They also have a daughter Naveeda, 22, who is also married and also heavily pregnant and a youngest son, aged around nine or 10, who attends a local school.
But one woman, who did not want to be named, said Abu Layth, whose family name is understood to be Anil Khalil Raoufi, appeared to change from being a "normal" teenager as he grew older.
He had been very friendly and enjoyed football with another youngster on the street but then changed his appearance and habits around three years ago.
"When you spoke to Anil on the street he would not say hello like the others did," she said.
"He started wearing the robes as well. I was quite frightened of him a little bit. He was not the same."
The neighbour said the father is rarely seen as he would sleep during the day and work at night but the mother was very much involved in the local community.
"Kamala is a gorgeous lady, really friendly, tries to integrate in everything. She's really nice. Poor Kamala, she really misses her parents in Afghanistan and she misses the sun."

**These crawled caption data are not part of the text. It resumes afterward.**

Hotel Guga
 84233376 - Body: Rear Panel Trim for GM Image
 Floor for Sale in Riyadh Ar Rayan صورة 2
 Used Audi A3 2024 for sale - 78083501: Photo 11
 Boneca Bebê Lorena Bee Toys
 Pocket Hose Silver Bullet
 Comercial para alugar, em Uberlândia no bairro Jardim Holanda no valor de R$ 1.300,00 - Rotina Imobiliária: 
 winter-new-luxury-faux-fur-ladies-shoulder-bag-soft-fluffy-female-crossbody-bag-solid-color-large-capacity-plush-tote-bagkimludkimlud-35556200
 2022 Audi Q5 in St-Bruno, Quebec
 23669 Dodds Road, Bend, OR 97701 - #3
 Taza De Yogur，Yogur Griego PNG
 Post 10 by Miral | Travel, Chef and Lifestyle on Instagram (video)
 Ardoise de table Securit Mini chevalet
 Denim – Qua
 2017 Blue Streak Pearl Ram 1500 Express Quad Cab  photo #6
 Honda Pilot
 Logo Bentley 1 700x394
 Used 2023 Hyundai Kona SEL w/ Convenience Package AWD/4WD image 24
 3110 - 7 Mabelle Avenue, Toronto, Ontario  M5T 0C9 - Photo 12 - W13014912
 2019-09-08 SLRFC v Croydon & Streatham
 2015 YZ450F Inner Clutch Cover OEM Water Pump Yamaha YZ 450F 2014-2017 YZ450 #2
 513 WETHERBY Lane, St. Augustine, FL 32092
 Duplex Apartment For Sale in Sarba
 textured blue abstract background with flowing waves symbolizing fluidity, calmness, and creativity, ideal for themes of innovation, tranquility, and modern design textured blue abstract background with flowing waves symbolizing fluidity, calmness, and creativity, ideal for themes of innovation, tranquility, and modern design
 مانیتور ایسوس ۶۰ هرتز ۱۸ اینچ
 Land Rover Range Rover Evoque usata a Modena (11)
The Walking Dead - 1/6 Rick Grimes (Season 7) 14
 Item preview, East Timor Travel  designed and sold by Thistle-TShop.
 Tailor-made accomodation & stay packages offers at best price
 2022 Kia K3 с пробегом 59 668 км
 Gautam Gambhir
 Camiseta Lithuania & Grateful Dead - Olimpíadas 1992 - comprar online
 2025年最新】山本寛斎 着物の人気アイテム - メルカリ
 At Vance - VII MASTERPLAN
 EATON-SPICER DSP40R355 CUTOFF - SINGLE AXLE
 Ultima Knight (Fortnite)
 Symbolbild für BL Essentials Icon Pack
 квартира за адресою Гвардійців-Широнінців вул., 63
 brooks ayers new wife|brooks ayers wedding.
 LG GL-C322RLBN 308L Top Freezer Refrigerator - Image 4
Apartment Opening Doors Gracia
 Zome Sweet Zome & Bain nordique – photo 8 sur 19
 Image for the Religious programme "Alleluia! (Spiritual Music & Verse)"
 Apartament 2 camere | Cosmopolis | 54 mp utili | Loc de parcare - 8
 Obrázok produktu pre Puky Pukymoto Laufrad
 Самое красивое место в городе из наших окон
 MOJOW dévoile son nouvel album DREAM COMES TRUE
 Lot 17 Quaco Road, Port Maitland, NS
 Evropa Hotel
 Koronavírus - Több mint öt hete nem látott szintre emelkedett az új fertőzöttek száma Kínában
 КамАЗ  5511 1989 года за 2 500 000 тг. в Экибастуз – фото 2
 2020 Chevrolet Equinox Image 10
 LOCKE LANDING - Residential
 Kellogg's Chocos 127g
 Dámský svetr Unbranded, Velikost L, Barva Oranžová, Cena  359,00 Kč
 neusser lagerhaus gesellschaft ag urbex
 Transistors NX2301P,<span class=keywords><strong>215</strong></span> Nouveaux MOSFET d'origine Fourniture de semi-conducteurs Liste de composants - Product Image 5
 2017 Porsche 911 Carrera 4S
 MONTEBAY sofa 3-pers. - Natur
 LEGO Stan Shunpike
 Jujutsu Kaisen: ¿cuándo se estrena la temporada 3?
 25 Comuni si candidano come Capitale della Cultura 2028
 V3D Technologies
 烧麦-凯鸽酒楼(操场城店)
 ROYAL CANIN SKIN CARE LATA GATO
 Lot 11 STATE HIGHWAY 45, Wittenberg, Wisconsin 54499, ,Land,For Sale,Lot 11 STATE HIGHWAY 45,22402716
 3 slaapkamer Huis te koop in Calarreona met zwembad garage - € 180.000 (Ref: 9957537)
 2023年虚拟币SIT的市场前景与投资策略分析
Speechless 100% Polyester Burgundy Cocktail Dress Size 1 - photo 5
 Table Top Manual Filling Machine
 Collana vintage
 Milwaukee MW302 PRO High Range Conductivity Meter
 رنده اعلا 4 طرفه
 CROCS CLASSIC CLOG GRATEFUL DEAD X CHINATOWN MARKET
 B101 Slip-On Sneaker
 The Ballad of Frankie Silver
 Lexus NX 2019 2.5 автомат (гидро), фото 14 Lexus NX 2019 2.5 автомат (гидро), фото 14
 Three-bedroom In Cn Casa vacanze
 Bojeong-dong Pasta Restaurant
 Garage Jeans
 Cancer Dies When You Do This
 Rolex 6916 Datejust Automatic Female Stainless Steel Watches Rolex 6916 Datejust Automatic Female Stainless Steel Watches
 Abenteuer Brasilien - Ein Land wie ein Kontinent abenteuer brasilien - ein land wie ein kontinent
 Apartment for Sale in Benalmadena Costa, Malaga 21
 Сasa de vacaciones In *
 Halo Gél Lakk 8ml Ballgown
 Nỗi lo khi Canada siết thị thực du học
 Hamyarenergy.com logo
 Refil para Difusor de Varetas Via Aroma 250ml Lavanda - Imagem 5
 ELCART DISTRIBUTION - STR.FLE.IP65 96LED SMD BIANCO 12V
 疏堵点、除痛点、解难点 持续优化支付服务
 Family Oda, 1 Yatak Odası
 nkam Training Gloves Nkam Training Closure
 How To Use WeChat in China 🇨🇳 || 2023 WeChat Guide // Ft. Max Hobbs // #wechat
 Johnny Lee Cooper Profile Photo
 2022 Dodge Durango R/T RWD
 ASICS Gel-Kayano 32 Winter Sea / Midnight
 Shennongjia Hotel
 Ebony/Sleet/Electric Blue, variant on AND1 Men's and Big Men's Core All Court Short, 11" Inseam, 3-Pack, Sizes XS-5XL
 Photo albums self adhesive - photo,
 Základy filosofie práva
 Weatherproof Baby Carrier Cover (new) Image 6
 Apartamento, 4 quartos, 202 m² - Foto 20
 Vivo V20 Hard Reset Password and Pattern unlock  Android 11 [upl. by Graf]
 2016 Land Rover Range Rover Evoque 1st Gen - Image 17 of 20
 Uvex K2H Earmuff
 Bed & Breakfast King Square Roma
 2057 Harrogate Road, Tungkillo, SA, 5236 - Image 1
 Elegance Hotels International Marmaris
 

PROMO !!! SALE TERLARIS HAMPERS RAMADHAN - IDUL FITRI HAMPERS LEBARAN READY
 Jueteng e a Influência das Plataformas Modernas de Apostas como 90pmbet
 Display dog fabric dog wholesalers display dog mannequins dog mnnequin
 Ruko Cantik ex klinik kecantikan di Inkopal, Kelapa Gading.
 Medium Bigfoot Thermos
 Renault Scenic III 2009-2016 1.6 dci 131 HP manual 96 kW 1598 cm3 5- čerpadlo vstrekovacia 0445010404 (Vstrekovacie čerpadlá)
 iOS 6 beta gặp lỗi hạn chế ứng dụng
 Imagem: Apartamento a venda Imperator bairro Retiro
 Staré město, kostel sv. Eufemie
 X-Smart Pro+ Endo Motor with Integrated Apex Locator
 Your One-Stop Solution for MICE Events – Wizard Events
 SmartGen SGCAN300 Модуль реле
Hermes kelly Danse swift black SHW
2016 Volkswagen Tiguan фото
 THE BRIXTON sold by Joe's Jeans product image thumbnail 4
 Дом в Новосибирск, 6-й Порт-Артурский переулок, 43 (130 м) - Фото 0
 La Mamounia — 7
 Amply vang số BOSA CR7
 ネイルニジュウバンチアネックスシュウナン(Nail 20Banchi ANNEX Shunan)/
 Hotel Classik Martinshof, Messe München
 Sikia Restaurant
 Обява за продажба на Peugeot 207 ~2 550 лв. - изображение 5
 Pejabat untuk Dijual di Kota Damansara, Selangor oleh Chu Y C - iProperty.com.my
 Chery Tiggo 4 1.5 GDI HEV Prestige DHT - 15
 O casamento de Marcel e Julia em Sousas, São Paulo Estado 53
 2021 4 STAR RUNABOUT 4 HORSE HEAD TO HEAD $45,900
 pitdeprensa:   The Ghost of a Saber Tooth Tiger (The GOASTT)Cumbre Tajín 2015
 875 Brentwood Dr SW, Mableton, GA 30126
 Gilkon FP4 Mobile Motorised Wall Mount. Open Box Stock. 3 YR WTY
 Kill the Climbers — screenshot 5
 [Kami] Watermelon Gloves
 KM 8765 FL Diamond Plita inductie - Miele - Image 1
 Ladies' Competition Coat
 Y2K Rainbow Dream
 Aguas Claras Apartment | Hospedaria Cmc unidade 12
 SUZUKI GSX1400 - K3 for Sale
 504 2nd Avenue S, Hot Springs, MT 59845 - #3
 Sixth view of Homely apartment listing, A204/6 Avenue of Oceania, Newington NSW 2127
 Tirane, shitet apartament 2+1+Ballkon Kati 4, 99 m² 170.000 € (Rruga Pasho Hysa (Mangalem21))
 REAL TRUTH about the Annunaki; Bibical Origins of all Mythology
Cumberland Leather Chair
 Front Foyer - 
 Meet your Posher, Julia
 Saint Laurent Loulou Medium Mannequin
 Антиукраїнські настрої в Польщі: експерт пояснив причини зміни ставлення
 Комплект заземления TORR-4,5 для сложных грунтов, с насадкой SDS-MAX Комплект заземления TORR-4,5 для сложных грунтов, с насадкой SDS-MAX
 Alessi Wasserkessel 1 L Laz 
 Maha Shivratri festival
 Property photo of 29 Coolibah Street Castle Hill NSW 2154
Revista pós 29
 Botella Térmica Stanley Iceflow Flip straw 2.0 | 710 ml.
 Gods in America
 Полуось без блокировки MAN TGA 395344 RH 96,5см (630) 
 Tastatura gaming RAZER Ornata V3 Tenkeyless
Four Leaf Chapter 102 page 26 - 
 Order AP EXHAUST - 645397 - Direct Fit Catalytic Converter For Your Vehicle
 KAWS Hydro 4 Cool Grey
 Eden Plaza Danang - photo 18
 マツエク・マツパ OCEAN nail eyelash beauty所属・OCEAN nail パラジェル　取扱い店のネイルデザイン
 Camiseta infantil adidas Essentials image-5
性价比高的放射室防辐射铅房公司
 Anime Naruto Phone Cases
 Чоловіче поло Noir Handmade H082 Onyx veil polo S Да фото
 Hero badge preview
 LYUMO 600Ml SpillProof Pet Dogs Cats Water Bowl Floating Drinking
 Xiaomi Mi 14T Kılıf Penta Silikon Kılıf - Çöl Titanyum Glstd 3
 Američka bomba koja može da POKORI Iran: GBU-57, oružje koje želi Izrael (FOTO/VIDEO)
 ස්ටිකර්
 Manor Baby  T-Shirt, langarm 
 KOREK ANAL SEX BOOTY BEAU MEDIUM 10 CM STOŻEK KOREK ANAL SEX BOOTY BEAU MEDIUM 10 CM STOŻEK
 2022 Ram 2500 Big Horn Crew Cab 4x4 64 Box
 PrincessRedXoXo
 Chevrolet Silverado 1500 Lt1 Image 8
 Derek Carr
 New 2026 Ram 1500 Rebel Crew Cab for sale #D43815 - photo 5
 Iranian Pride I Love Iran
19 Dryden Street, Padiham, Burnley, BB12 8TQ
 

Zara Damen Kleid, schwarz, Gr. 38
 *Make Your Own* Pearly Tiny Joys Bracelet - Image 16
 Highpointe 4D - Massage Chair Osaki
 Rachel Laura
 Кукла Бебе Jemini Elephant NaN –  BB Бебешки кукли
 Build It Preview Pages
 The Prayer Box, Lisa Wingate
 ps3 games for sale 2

Another neighbour said: "Kamala is a lovely, lovely woman, completely part of the street's life, not at all isolated, since the day they arrived.
"I'm really shocked."
Anil Raoufi is understood to have enrolled at university and attended a local mosque before going to Syria.
Another neighbour said Anil was studying mechanical engineering at university and the mother, Kamala, was heavily involved in the local neighbourhood watch scheme.
He said she attended a meeting for members last month at a neighbour's house, where the theme for discussion was racism and hate crime.